/\/\ thermal calculations problem (solved)

[3roomlab]

hi folks, so i have been mucking around components/PCB thermal thingies ...

say this situation :

junction --> plastic case --> ambient

if ambient is 30^oC
if R-ja = 50^oC/w
and the plastic case measures in at 50^oC

to get to actual T-junction, we find the watts going thru the plastic case( = 20/50 = 0.4watts)
and the junction temp is = (0.4 x Rja) + Tcase ? = 70^oC

am i right? i have the feeling that i am missing something ...
does R-ja actually means the resistance going thru the plastic package? or the entire item ?

[kxenos]

Rja is specified as the path of least resistance. If there is a tab in the chip then it's the resistance from junction to that tab.
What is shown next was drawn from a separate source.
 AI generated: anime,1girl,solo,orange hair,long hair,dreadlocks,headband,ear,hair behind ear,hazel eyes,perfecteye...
Else it's from junction to case

[3roomlab]

yes it is, so the tab itself R-jc and the R-ja are infact parrallel "resistors" am i right? they both do dissipate simultaneously once there is a higher heat potential generated at junction?

[kxenos]

No, they're not parallel because you can either have the hole case area to dissipate heat to ambient so you use Rja or you have a heatsink so you use Rjc but not both at the same time.
You could write that Pd = (Tj - Tc) / Rjc
And also that Tj = (Pd x Rja) + Ta
Therefore Tj = ((Ta x Rjc) - (Tc x Rja)) / (Rjc - Rja)
But I don't know if this is valid or not because Rjc and Rja are used in different use cases aka with and without heatsink respectively.

[IanB]

hi folks, so i have been mucking around components/PCB thermal thingies ...

say this situation :

junction --> plastic case --> ambient

if ambient is 30^oC
if R-ja = 50^oC/w
and the plastic case measures in at 50^oC

to get to actual T-junction, we find the watts going thru the plastic case( = 20/50 = 0.4watts)
and the junction temp is = (0.4 x Rja) + Tcase ? = 70^oC

am i right? i have the feeling that i am missing something ...
does R-ja actually means the resistance going thru the plastic package? or the entire item ?

You don't really have enough information to say anything here.
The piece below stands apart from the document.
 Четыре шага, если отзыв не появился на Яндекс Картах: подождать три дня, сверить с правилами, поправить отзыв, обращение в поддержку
Rja is from junction to ambient (from junction to surrounding air). It says nothing about the case temperature, so any measurement of the case temperature must be thrown away. Now you are left with the air temperature alone. With only the air temperature you can say nothing at all about the junction temperature. It remains a complete unknown.

On the other hand, suppose you also know the power dissipated by the silicon (= voltage drop x current), then you have two pieces of information, and now you can do a calculation. You have:

  Power = (Junction temperature - Ambient temperature) / Rja

Therefore:

  Junction temperature = (Power x Rja) + Ambient temperature

Any time you have one equation in four unknowns you need to specify three of the unknowns in order to calculate the fourth.

[3roomlab]

ok i get it now thanks heaps